The modeling firm said the flooding already appears to be worse than the 1998 floods, which damaged around 3,000 properties and resulted in £190 million ($379.8 million) in today's value of insured loss.
RMS also said, however, that at this stage the event is not as severe as the autumn 2000 floods, which affected more than 10,000 properties and caused £925 million ($1.85 billion) in insured damage in today's value. However, the floods are ongoing, and further rainfall is expected over the weekend.
The Northern city of Sheffield in Yorkshire is one of the hardest-hit areas, mainly because the River Don burst its banks.
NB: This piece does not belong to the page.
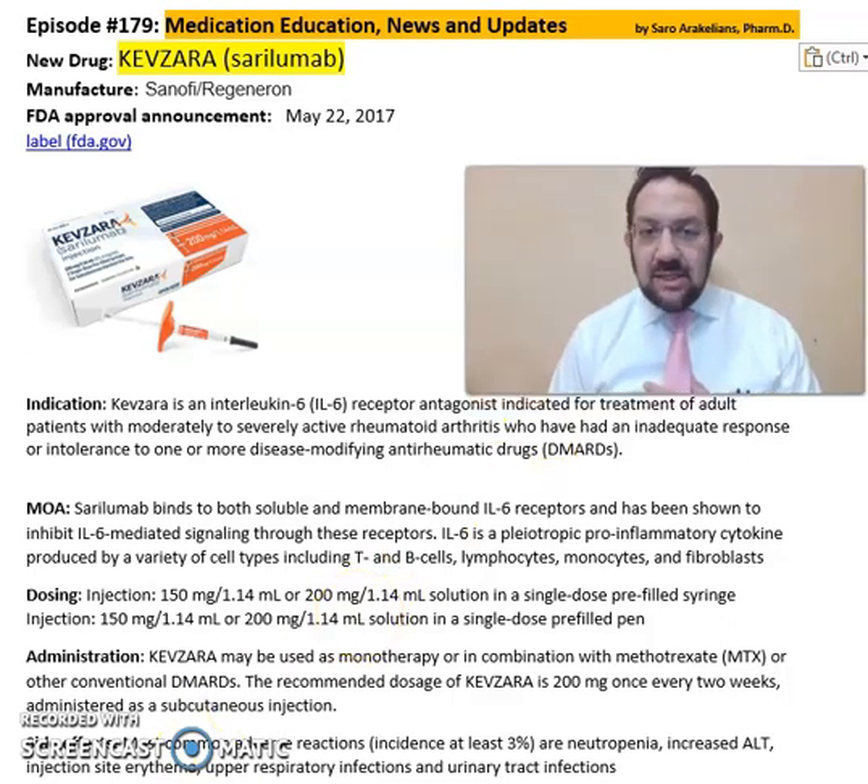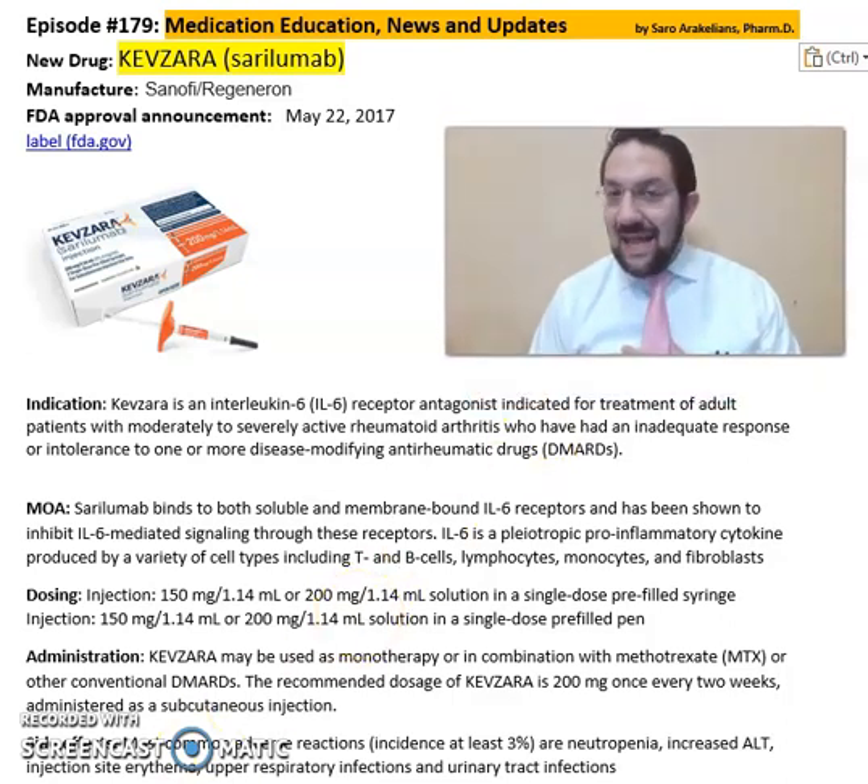This medication is an interleukin-6 receptor antagonist, indicated for the treatment of adult patients with moderately to severely active rheumatoid arthritis who have had an inadequate response or intolerance to one or more disease-modifying anti-rheumatic drugs, or DMARDs. Sarilumab binds to both soluble and membrane-bound IL-6 receptors and has been shown to inhibit IL-6-mediated signaling through these receptors.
RMS said flooding has been reported in some of the major industrial and commercial riverside locations and has caused "substantial" business interruption losses. "Two factors that will benefit insurers are that property prices tend to be lower in the north of England compared to the south, and buildings dry out quicker in the summer," said Claire Souch, senior director of model management at RMS.
RMS said the rainfall problem has been caused by a stationary east coast depression, which draws moisture from the North Sea. The modeling agency noted that the event has been described as a "one in a 100 year event" and that historical records indicate that this was the first time that the River Don has burst its banks with such dramatic consequences for 150 years.
RMS added that the extent of further insured losses will depend on whether the rain expected over the coming weekend falls directly over the areas already hit.